#### AIM OF THE TASK
Write out again the lines from the line with "stipendienfeier-2013-page2_36.jpg (DE)" up to and including the line with "Pokoje z kuchnia i łazienką. Noclegi Pionki", exactly as they stand below, and skip any picture.

#### INPUT MATERIAL
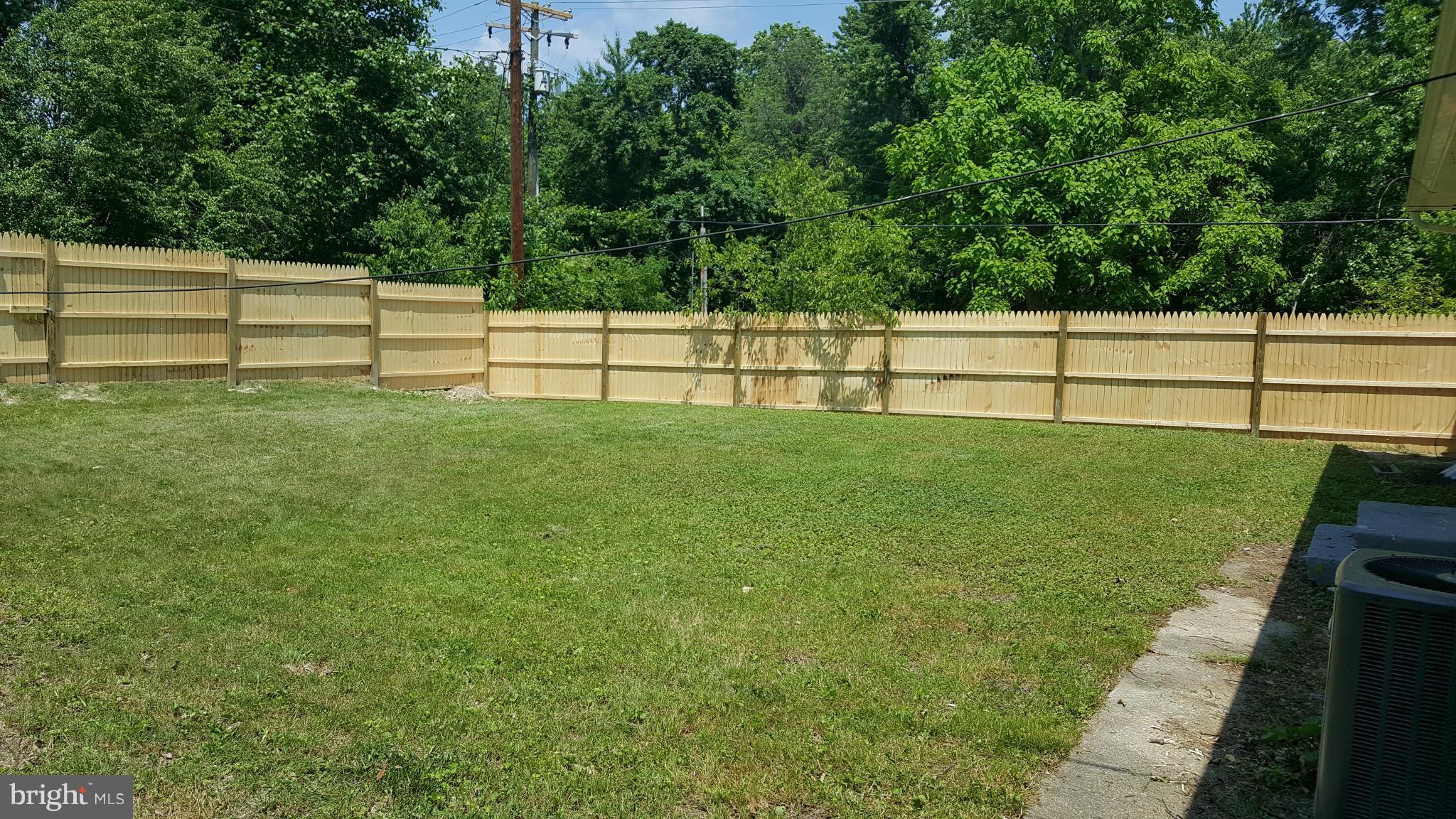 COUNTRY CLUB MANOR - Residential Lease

...

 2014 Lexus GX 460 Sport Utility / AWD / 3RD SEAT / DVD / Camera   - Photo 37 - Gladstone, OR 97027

* * *

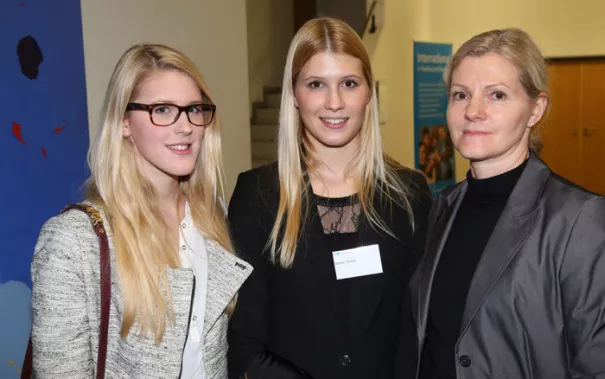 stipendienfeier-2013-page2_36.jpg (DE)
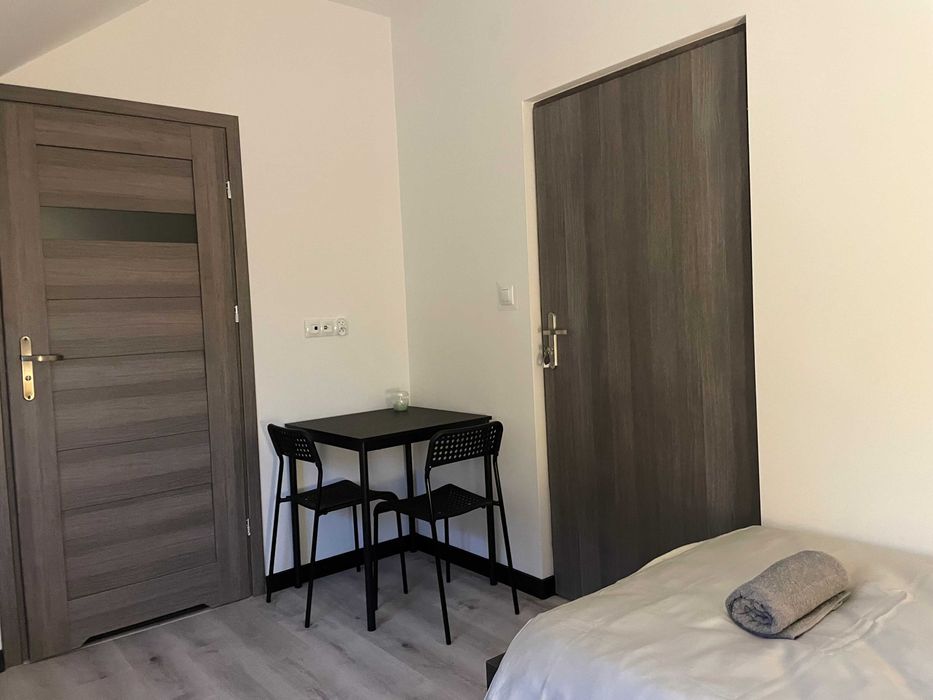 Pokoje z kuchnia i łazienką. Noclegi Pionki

#### OUTPUT OF THE TASK
 stipendienfeier-2013-page2_36.jpg (DE)
 Pokoje z kuchnia i łazienką. Noclegi Pionki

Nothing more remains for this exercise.